Print the line containing "Ensemble Stars 綿100％半袖Tシャツ（フロントプリント）" and all lines after it, unchanged, through the end of the data. Leave the pictures out.
RECORDED DATA START
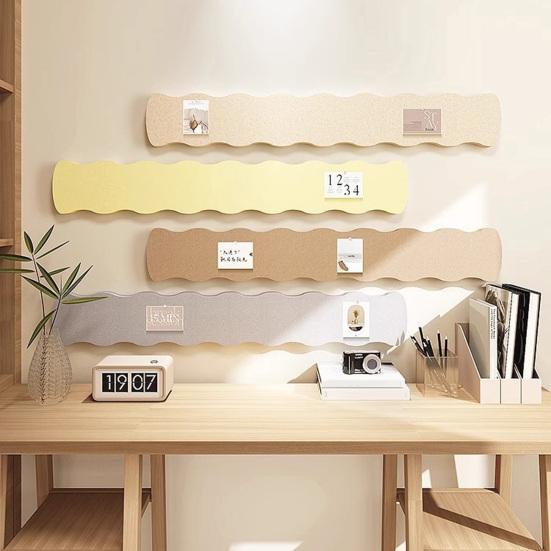 Kenarları Taraklı Keçe İğne Panosu Şeritleri Kendinden Yapışkanlı Keçe Mantar Panosu Şeritleri Ofis Okul Ev Duvar Dekorasyonu İçin Etiketler Notlar Programlar Fotoğraflar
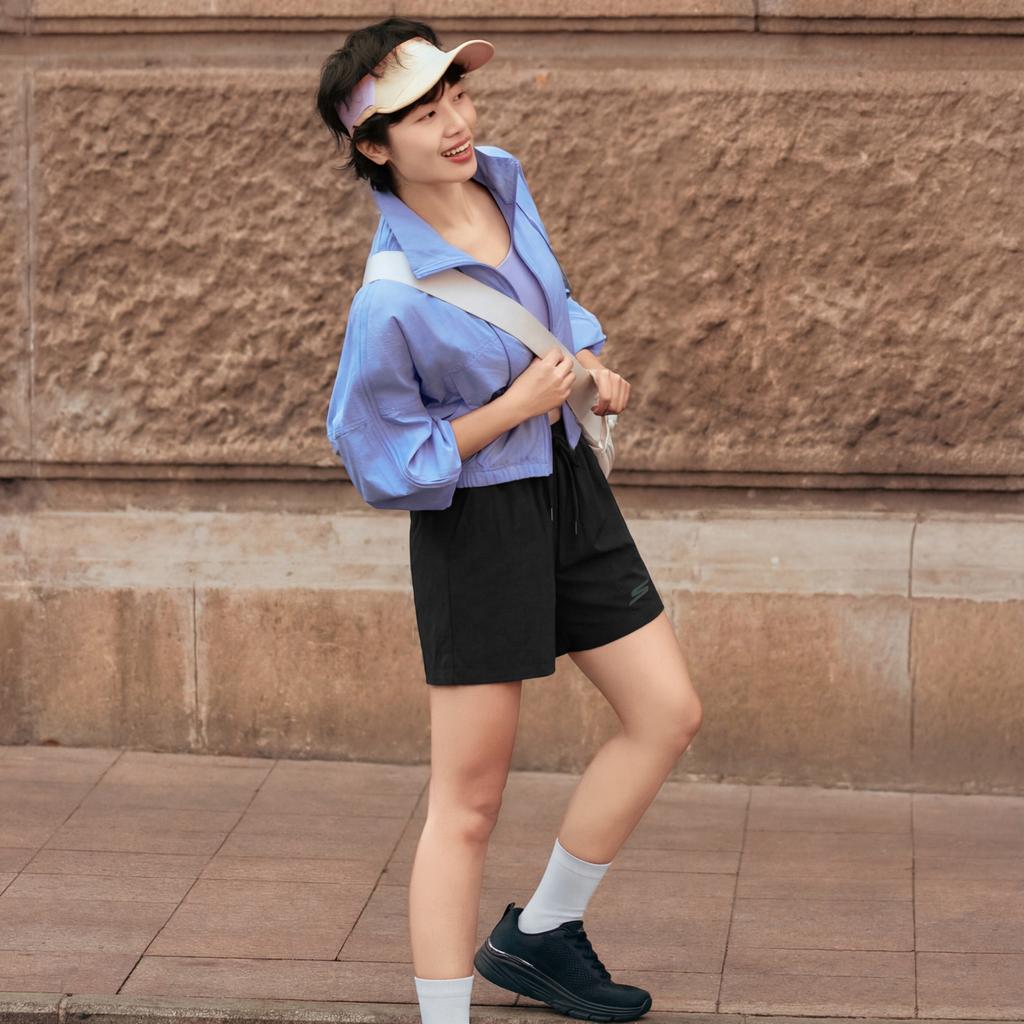 Skechers Дышащие однотонные кружевные повседневные шорты Женские шорты P226W218-0018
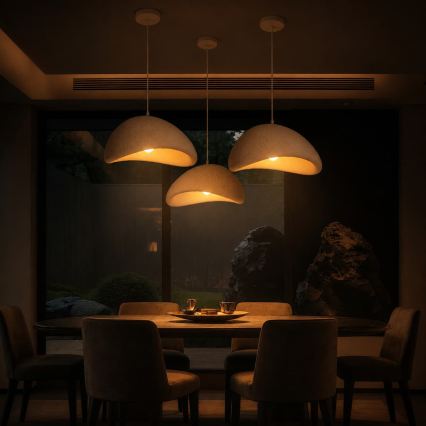 BRILAGI - Hanglamp aan kabel WABI SABI 1xE27/60W/230V Ø 40 cm wit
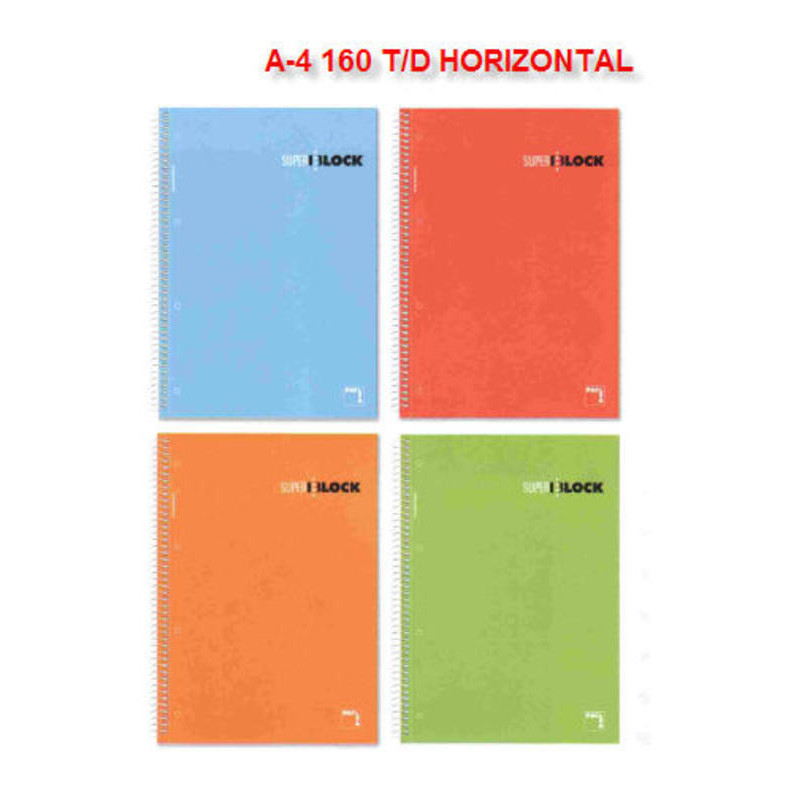 CUADERNO EUROPEAN A-4 160H TD PACSA SUPERBLOC 60G HORIZONTAL 16028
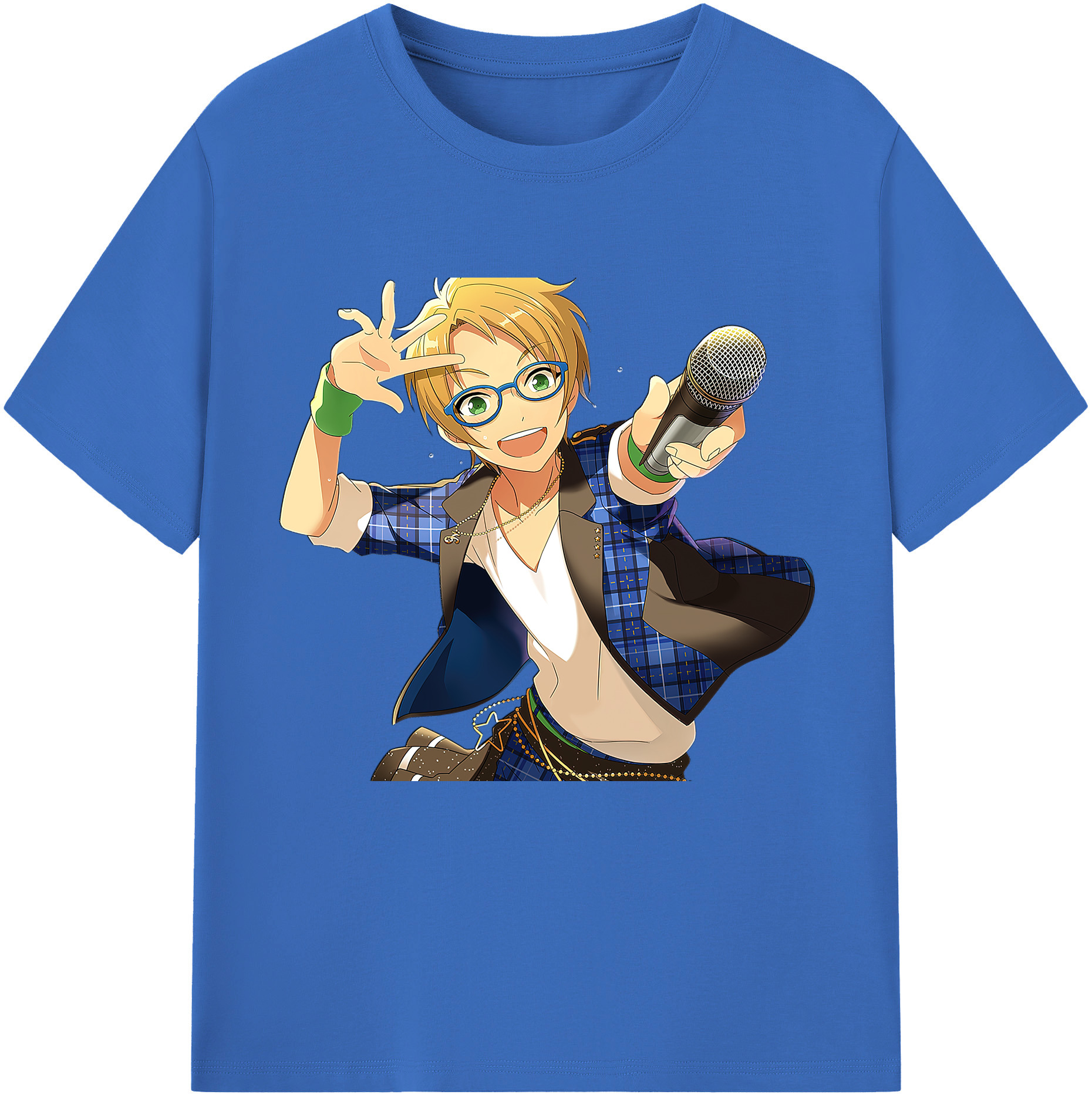 （画像用） あんさんぶるスターズ! Ensemble Stars 綿100％半袖Tシャツ（フロントプリント）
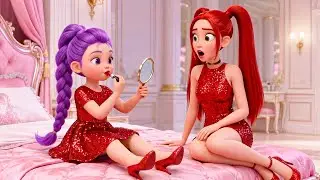 😱 OMG!💄 Baby Rumi Copies Mira Look for Her First Makeup | KPop Demon Hunters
RECORDED DATA END
» **REPLY**
 （画像用） あんさんぶるスターズ! Ensemble Stars 綿100％半袖Tシャツ（フロントプリント）
 😱 OMG!💄 Baby Rumi Copies Mira Look for Her First Makeup | KPop Demon Hunters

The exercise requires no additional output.